Principles, pledges and posturing

As the Iowa Legislature starts another week of the 2011 session, it makes you wonder how much actual negotiating is going on. You'd think coming to agreement on each of the bills that still need to be passed and signed into law would be the top priority for the Republicans, Democrats and the governor. Instead, people are starting to wonder about  a shutdown and noting that Branstad was governor during the last time that was threatened, in 1992. The Legislature has piled up quite a stack of unresolved budget and spending bills, along with other contentious issues from abortion to secretly videotaping livestock operations. So, maybe the small groups of House and Senate leaders left at the Legislature would spend full days every day talking about what they need in these bills to reach that point and adjourn. Instead, everyone is still repeating their principles and pledges --- along with trashing their opponents. Branstad has to have two-year budgets and House Speaker Kraig Paulsen says they're just trying to reduce government costs. To Senate Majority Leader Mike Gronstal all their talk is just a "gut punch to the middle class." Everything is so stalled that lawmakers may only accomplish what they absolutely have to --- approving a budget. Is it all just posturing for the base with an eye on politics? There certainly are differences between the various parties to these negotiations and they're important. They indicate divergent philosophies that really do matter and can shape state government. But, again, politics is truely about compromise and real leadership means figuring out how to bridge those gaps. In the process, everyone has to give up something. That's what is going to allow the Legislature to adjourn.

Tuesday, May 3, 2011

A compromising position

They've all got campaign promises and competing ideals to uphold, but it's time. Democrats and Republicans in the Legislature and Gov. Terry Branstad need to put it all aside and do one of the most vile things a politician can do: compromise.  Spending bills have been slow to come to the governor since each house of the Legislature is  controlled by a different party with competing aims and interests. When the Democrats and Republicans did figure out how to compromise, Branstad vetoed all or part of the bills. He's got his own set of campaign promises and ideals that cannot be broken! The period where lawmakers receive daily expense payments, or per diem, ended Friday. That is typically tied to the ajournment date, but nobody's sure how soon it will happen with so many budget and spending bills  yet to be approved and signed. Closed door meetings of the Legislature's leadership are now under way.

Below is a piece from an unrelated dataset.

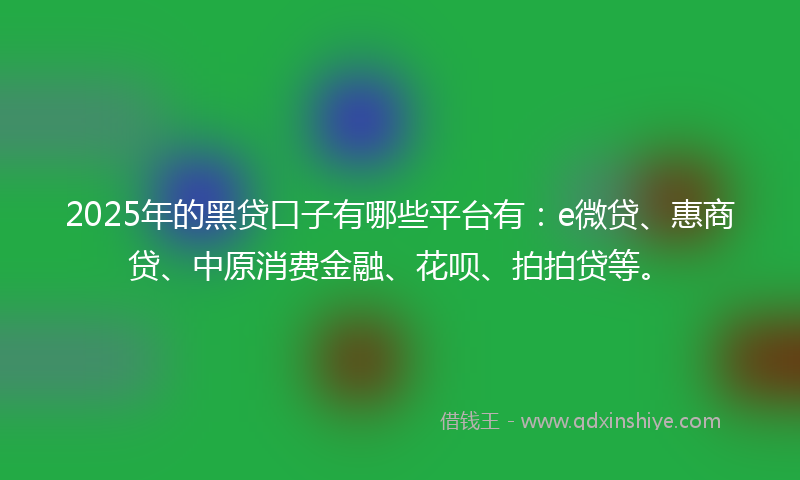 2025年的黑贷口子有哪些平台有：e微贷、惠商贷、中原消费金融、花呗、拍拍贷等。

But freshmen Republicans, with their tea party sympathies, may be pushing their leaders to positions the Democrats can't accept. What the two sides do come up with could conflict with Branstad's promises of a two-year budget and a package of tax reforms that he suggests will spur employment growth in Iowa (which is related to his pledge to create 200,000 jobs). We'll see how much impact reality has on those promises and ideals.